We do not support open ended subsidies of any kind, be it food or unemployment mitigation schemes.  Subsidies should be merely a way of supporting people in training to integrate them into the mainstream economy.  Farmers can well be compensated for higher fertilizer costs through higher support prices for produce.  The reason this is not done is simply because the corporate sector would be deprived of its nest egg in the shape of assured post tax returns on net worth.  Similar is the case of petroleum subsidies and assured post-tax returns to refineries.  While it is difficult to explore the ridiculousness of the government’s assured post-tax return on net worth here, we may note that the formula is open-ended in time.  If a fertilizer plant or refinery’s entire plant is depreciated in say 10 to 15 years, then the subsidy on the same should also end in a similar period of time.  Instead, the subsidy continues in perpetuity!  That is the dirty little secret of assured post-tax return and why the corporate sector loves the scheme.  One wonders why the government has not woken up to the implications.


Subsidies need to be brought down to about 1.50% of GDP immediately if we are to avoid bankruptcy.  The government itself promises to bring subsidies down to 1.90% by the end of 2013.  How that may be accomplished with a looming draught and falling growth rate is uncertain.  We will return to this topic in another article.

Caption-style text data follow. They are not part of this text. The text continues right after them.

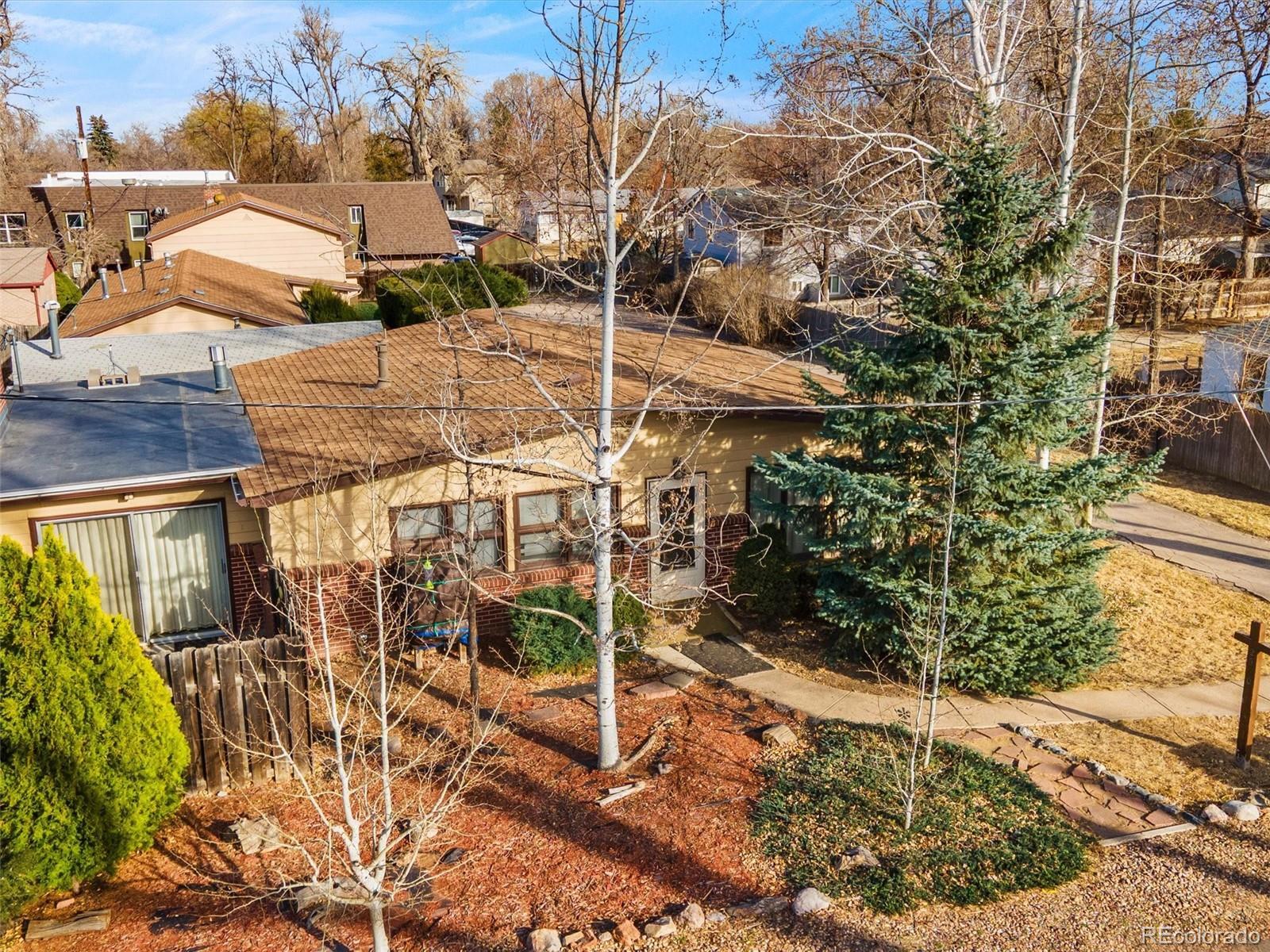 Photo of Listing #9437103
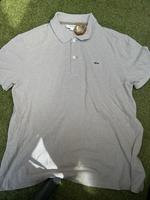 Lacoste Polo Shirt Gr L (5) neu Nordrhein-Westfalen - Marl Vorschau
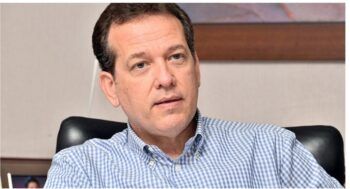 Dentro de dos meses podrian empezar a bajar los combustibles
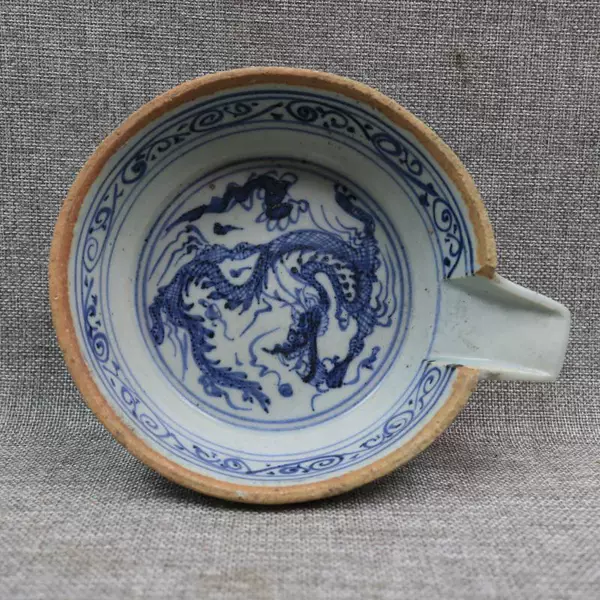 Товары от wangzhi18888955960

Time Sonia Gandhi, government and the opposition, woke up to the imminent disaster.  Subsidies now total 4.90% of GDP and about 10% of all incremental output is being eaten up by subsidies.  If reforms are not forced through, and petroleum subsidies cut to zero forthwith, the country does not have the reserves to last beyond 2013/14.  Who-so-ever takes over government in 2014 will have a bankrupt economy with no latitude for any maneuver.  If we do not reform now, UPA will follow a scorched earth strategy in the ensuing election year in a bid to garner as many seats as possible.  So it is in the interest of all parties, no matter who wins 2014, to reform now and compete for votes on some other basis.  Stalling reforms is not an option any more.